The Meraggio family made its original fortune from the sudden death of the popular Duke Stravoli of Camorr, who died of an ague while on a state visit to Tal Verrar. Nicola Meraggio, trader-captain of a relatively fast brig, outraced all other news of the duke’s death back to Camorr, where she expended every last half-copper at her command to purchase and control the city’s full stock of black mourning crepe. When this was resold at extortionate prices so the state funeral could take place in proper dignity, she sank some of the profits into a small coffeehouse on the canal-side avenue that would eventually be called (thanks largely to her family) Coin-Kisser’s Row.

 

As though it were an outward manifestation of the family’s ambitions, the building has never remained one size for very long. It expands suddenly at irregular intervals, consuming nearby structures, adding lodges and stories and galleries, spreading its walls like a baby bird slowly pushing its unhatched rivals from the nest.

 

The early Meraggios made their names as active traders and speculators; they were men and women who loudly proclaimed their ability to squeeze more profit from investors’ funds than any of their rivals could.
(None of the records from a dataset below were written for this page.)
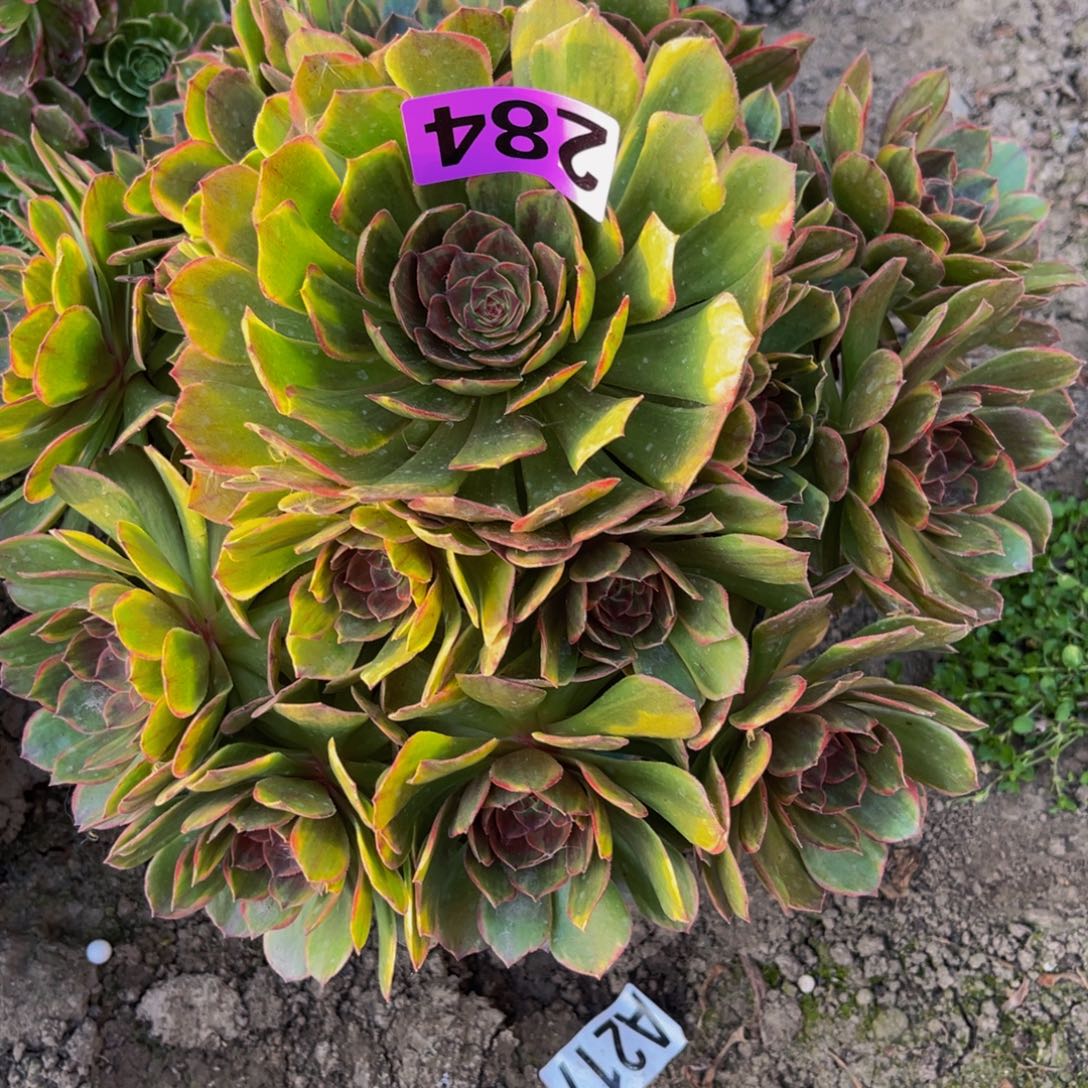 半夏法师26–2包邮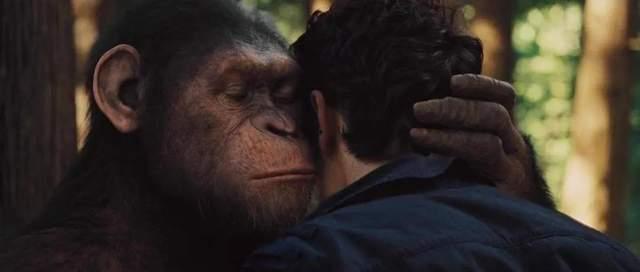 猩球崛起4在线观看,终极之战在线观影指南:揭秘猿类革命的高潮篇章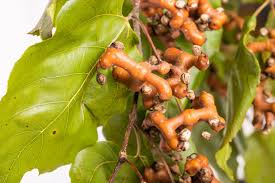 Image result for Hovenia dulcis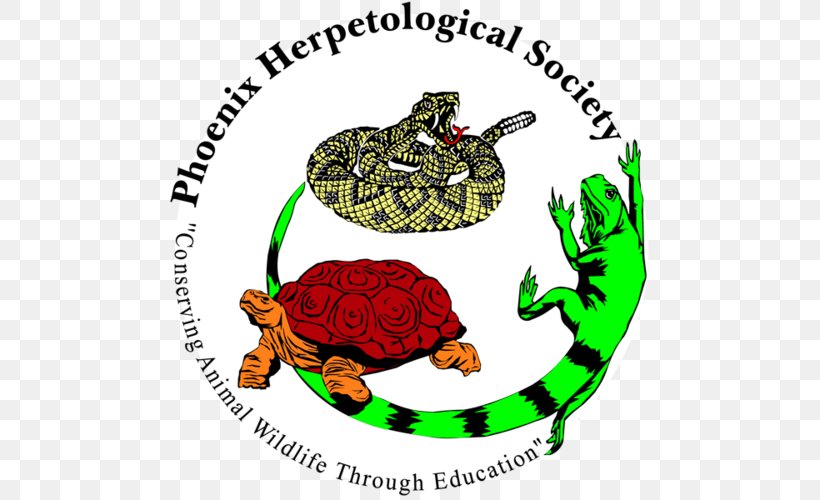 Phoenix Herpetological Society Toad Reptile Non-profit Organisation Snake, PNG, 500x500px, Phoenix Herpetological Society, Amphibian, Animal, Area, Arizona Download Free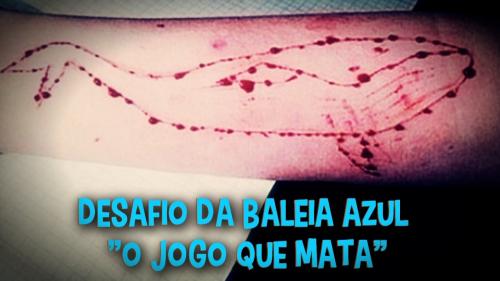 Garota de 15 anos desaparece na Bahia e família suspeita de jogo da 'Baleia Azul'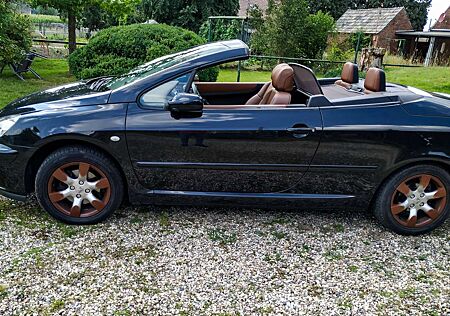 Peugeot 307 4-Sitzer-Cabrio mit seltener Sonderausstattung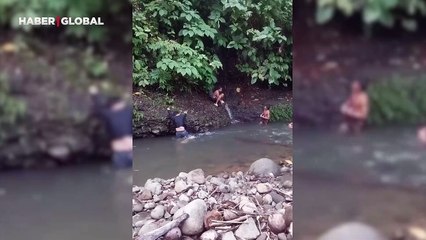 Bir geldi pir geldi: Anakonda nehir kenarında yüzenlere dehşeti yaşattı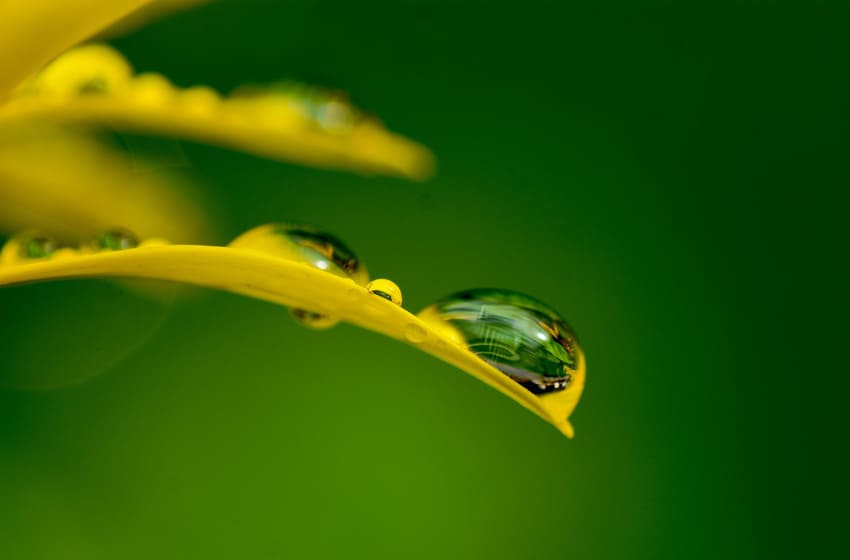 Macro Rajndrop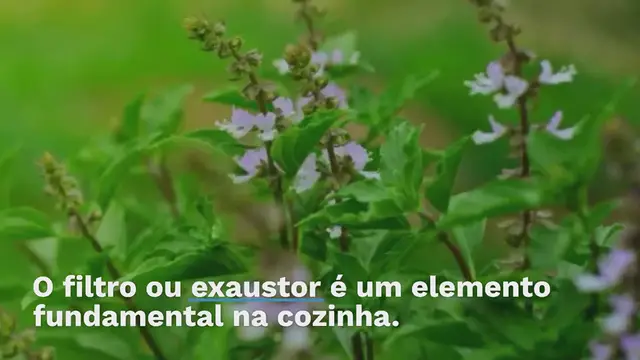 Video thumbnail for Veja como limpar profundamente o exaustor para tirar os maus cheiros da cozinha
The third Meraggio of note, Ostavo Meraggio, famously sent out a gaily decorated boat each morning to throw fifty gold tyrins into the deepest part of Camorr Bay; he did this every day without fail for a complete year. “I can do this and still have more fresh profit at the end of any given day than any one of my peers,” he boasted.

 

The later Meraggios shifted the family’s emphasis from investing coin to hoarding, counting, guarding, and loaning it. They were among the first to recognize the stable fortunes that could be had by becoming facilitators of commerce rather than direct participants. And so the Meraggio now sits at the heart of a centuries-old financial network that has effectively become the blood and sinews of the Therin city-states; his signature on a piece of parchment can carry as much weight as an army in the field or a squadron of warships on the seas.

 

Not without reason is it sometimes said that in Camorr there are two dukes—Nicovante, the Duke of Glass, and Meraggio, the Duke of White Iron.